Over the past decades, “omics” studies had achieved many discoveries in various human malignancies. For instance, scientists had obtained the genomic mutation landscape of the major human cancers by genome-wide sequencing. Bioinformatics analysis suggested that a typical tumor has two to eight “drive gene” mutations, which manifest selective growth advantage, while others are passenger mutations [
37]. The mutation rate varies from one cancer to another, with an average of 1/Mb, which increases to 10/Mb in MSI tumors [
35]. Additionally, single-cell sequencing and multi-region sequencing were used to infer tumor progression, which largely extends our knowledge of carcinogenesis. Unfortunately, these technologies had rarely been used to explore the initiation and progression of MPC. Genetic testing of MMR genes has been widely applied to aid the diagnosis of Lynch syndrome. As a major member of MMR genes, MSH2 exhibits a novel mutation in our analysis. MSH2 functions to repair DNA replication errors, whose dysfunction results in accumulated mutation of the cells and, finally, cancer. We collected known pathologic mutations of hereditary tumors from public databases and analyzed the association between MSH2 mutation spectrum and Lynch syndrome. We showed that mutations within the entire length of the coding sequence of MSH2 were positively correlated with Lynch syndrome, which suggested that the mutation of MSH in our study is a novel pathogenic factor. The mutation pattern of MSH2 was further studied by comparing germline mutations in inherited tumors with somatic mutations in sporadic tumors. We found that truncating mutations were more likely to be causal in hereditary Lynch syndrome than missense mutations. This will assist in the annotation of pathogenicity of MMR genetic variants.
Patients with Lynch syndrome tend to develop cancers in multiple tissues, such as colorectal, pancreas, stomach, and so on. However, it is still unclear whether they are related and share the similar mutational landscape. Moreover, the mutation landscapes of the cancers of the proband indicated that they developed independently. This supported the fact that multiple cancers in Lynch syndrome are primary but not metastasis.
Of note, we proposed a double-hits theory during Lynch syndrome progression to MPC in our study. As put, the first hit was the genetic mutation of MSH2, and the second hit was caused by somatic mutations. The second hit, including the loss of heterozygosity at the MSH2 mutation site in the renal pelvic and a new MSH3 somatic mutation in the small intestine might be distinct among tumor tissues. A previous study reported the loss of the wild type MLH1 gene in hereditary nonpolyposis colorectal cancer [
48]. These results suggested that double hits of DNA MMR genes might be a common event in the development of other malignancies in Lynch syndrome patients.

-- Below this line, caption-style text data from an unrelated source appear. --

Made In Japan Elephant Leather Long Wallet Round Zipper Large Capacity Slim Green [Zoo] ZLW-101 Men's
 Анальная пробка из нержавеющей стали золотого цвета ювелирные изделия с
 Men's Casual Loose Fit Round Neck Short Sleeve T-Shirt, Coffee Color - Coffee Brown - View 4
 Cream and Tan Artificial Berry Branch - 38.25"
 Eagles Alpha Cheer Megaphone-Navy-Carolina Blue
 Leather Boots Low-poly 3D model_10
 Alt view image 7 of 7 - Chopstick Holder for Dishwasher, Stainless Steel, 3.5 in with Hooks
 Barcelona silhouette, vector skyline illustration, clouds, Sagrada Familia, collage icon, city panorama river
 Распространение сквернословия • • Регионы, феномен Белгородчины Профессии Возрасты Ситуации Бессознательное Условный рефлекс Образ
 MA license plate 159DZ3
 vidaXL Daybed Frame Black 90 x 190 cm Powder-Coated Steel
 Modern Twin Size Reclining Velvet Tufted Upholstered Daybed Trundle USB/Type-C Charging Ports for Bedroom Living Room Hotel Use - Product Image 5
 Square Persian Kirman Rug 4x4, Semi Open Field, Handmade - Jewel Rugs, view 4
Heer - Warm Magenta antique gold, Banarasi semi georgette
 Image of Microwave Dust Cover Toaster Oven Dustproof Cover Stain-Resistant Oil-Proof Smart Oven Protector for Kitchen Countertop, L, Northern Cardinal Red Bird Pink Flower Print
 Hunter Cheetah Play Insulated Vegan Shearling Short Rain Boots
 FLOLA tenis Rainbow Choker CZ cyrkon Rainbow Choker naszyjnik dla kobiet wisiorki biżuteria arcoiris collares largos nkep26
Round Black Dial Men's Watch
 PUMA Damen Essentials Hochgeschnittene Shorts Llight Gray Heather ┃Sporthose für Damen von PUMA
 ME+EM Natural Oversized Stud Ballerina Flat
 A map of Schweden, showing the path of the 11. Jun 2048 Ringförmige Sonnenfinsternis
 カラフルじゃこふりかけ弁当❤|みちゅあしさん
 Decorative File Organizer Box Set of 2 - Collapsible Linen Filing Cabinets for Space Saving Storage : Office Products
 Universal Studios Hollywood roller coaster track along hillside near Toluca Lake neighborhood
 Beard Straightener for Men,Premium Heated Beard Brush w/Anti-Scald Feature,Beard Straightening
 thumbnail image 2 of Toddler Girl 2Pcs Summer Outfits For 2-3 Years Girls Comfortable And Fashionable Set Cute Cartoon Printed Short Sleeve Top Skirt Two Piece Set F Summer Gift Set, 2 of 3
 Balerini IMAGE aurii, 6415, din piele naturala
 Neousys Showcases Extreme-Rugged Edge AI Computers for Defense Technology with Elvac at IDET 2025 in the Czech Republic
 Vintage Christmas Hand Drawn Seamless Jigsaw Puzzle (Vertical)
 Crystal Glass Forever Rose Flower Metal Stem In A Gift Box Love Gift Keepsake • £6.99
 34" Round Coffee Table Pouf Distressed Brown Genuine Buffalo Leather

Even more interesting is that some SMGs of sporadic tumors also had high-frequency mutations in Lynch syndrome-related cancers. Higher alternative allele frequency indicates that SMG mutations were not a random event, and they might occur earlier than other passenger mutations. This finding highlights a potential role of SMGs in the carcinogenesis of Lynch syndrome. Based on these data, we proposed a mutation progress model of MPC in Lynch syndrome, which include germline mutations of MMR genes, double hits of MMR system, mutations in tissue-specific driver genes, and rapid accumulation of additional passenger mutations. This model may advance the elucidation of carcinogenic theory. Although this model was established based only on a single patient, it was consistent with our prior knowledge of Lynch syndrome.